How Contractors are Like Crack: Part 2 of WaPo's National Security Blockbuster

| Tue Jul. 20, 2010 7:46 AM EDT

The next installment in the Washington Post's blockbuster series dropped this morning, this one focused on the national security establishment's unprecedented reliance on contractors. Like Monday's installment, on the unwieldy sprawl of the nation's intelligence bureaucracy, today's article suggests the government has created a beast it cannot fully control. But the government has grown so dependent on contractors that cutting off or even drastically curbing their use is hardly an option. It's kinda like a drug addiction, where you use more and more until you find you can't stop.
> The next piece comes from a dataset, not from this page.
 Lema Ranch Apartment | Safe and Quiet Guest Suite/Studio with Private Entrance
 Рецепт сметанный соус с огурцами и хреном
Indeed, the widespread use of contractors, the Post reports, begs the question of "whether the government is still in control of its most sensitive activities."

Here are some of the key revelations:

Under federal regulations, contractors are prohibited from performing what are known as inherently governmental functions (see Spencer Ackerman's Danger Room post for intel officials' totally lame pushback on this subject):

"But they do, all the time and in every intelligence and counterterrorism agency…"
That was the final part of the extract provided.